O local disponível para o laboratório de ciências está em andamento, com aulas de química, biologia, física e artes. Porém com poucos aparelhos e materiais e reagentes para uma boa aula, sendo até algumas aulas feitas com materiais feitos de reciclagem.
A biblioteca atende aos alunos do Ensino Fundamental e Ensino Médio. Nela trabalham duas bibliotecárias, uma atende no período matutino e outra no período vespertino e noturno (até 21h00minh). É permitido aos alunos retirarem livros, o que pode reduzir os prejuízos causados pela não adoção do mesmo em sala de aula. Cada aluno precisa da carteira de identidade para a remoção de algum livro de seu gosto para estudo. A organização da biblioteca está muito longe do ideal; os livros estão empilhados em prateleiras de estantes e também sobre as mesas de estudo, deixando o espaço de leitura muito limitado. As bibliotecárias pareceu ter uma boa motivação para o seu trabalho efetivamente bom, várias vezes, ela seleciona livros e indica a leitura ao professor.

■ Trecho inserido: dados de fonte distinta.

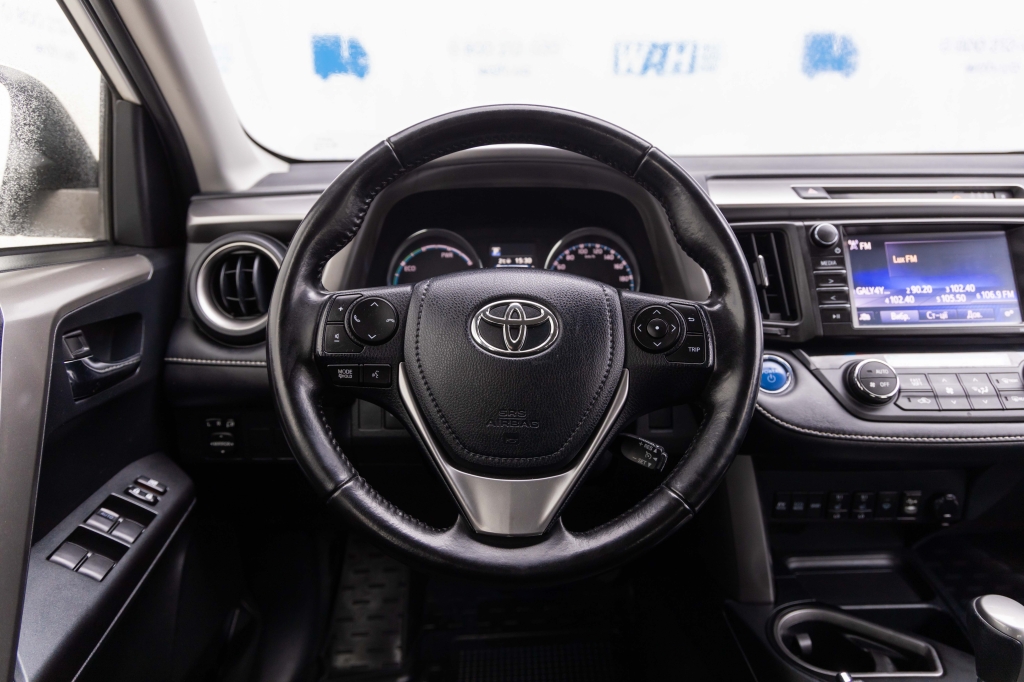 Toyota RAV4 Hybrid 2017 фото 20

Com muitas dificuldades, a escola disponibiliza alguns recursos materiais. O essencial, giz (somente branco) é oferecido sem grande restrição. Cada professor tem o seu apagador, sendo o giz distribuído na sala de aula. É fornecido “papel carta” para impressão de provas, trabalhos e exercícios para os alunos sem limite para o professor.

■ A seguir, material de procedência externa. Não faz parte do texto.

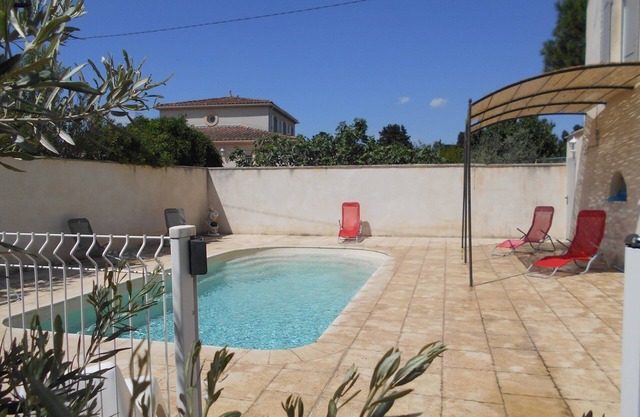 Beautiful house in a quiet, private and fenced pool in the heart of Provence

Como já citado, a escola possui alguns recursos áudios-visuais, que muitas vezes são disputados pelos professores. Assim, criou-se uma lista de reserva para a TV e vídeo.
Mimeógrafo não é utilizado na escola, pois acreditam ser história do passado; sendo impressas todas as avaliações prestadas. Retroprojetores são fornecidos.
3.1.6 O projeto político pedagógico (PPC)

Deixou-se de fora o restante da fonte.